■ What to produce: Locate all lines in the data below that hold "foto" and show them.
Segment Start: Provided records
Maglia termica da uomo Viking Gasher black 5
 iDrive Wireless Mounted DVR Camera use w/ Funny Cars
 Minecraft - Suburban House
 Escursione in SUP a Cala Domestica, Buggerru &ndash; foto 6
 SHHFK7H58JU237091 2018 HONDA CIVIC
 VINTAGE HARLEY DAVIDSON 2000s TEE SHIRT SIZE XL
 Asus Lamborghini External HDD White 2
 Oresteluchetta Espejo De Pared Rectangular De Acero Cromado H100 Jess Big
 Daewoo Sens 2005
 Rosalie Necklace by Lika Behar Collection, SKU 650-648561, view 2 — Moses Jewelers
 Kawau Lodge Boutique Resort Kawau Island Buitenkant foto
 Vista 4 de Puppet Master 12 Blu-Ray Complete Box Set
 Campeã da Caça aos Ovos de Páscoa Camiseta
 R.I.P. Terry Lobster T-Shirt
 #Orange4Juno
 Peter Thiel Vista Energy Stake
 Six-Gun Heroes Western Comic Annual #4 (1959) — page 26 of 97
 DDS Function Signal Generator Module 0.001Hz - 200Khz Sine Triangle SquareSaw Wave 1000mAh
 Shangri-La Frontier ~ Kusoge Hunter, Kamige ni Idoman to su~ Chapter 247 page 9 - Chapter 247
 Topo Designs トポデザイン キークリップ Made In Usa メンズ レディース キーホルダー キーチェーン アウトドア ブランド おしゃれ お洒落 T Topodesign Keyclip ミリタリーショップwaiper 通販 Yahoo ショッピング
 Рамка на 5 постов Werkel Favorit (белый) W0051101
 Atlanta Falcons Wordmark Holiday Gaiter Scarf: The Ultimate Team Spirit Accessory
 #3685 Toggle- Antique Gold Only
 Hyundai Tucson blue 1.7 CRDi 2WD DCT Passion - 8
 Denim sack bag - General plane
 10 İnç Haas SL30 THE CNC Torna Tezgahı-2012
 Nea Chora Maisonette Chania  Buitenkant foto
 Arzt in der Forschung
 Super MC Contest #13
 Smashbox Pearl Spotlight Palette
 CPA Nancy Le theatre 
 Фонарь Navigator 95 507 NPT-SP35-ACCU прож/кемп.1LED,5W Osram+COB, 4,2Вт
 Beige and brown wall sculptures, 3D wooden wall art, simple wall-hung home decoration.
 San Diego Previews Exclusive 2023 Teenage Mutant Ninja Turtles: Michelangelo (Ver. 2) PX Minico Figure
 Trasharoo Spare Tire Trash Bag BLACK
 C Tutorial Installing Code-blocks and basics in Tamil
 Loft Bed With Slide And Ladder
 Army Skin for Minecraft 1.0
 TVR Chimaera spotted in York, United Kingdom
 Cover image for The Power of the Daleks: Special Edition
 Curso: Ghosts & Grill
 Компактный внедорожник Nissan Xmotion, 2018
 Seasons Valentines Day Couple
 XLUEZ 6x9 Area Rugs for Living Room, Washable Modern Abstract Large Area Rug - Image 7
Segment End: Provided records
■ Task answer:
 Escursione in SUP a Cala Domestica, Buggerru &ndash; foto 6
 Kawau Lodge Boutique Resort Kawau Island Buitenkant foto
 Nea Chora Maisonette Chania  Buitenkant foto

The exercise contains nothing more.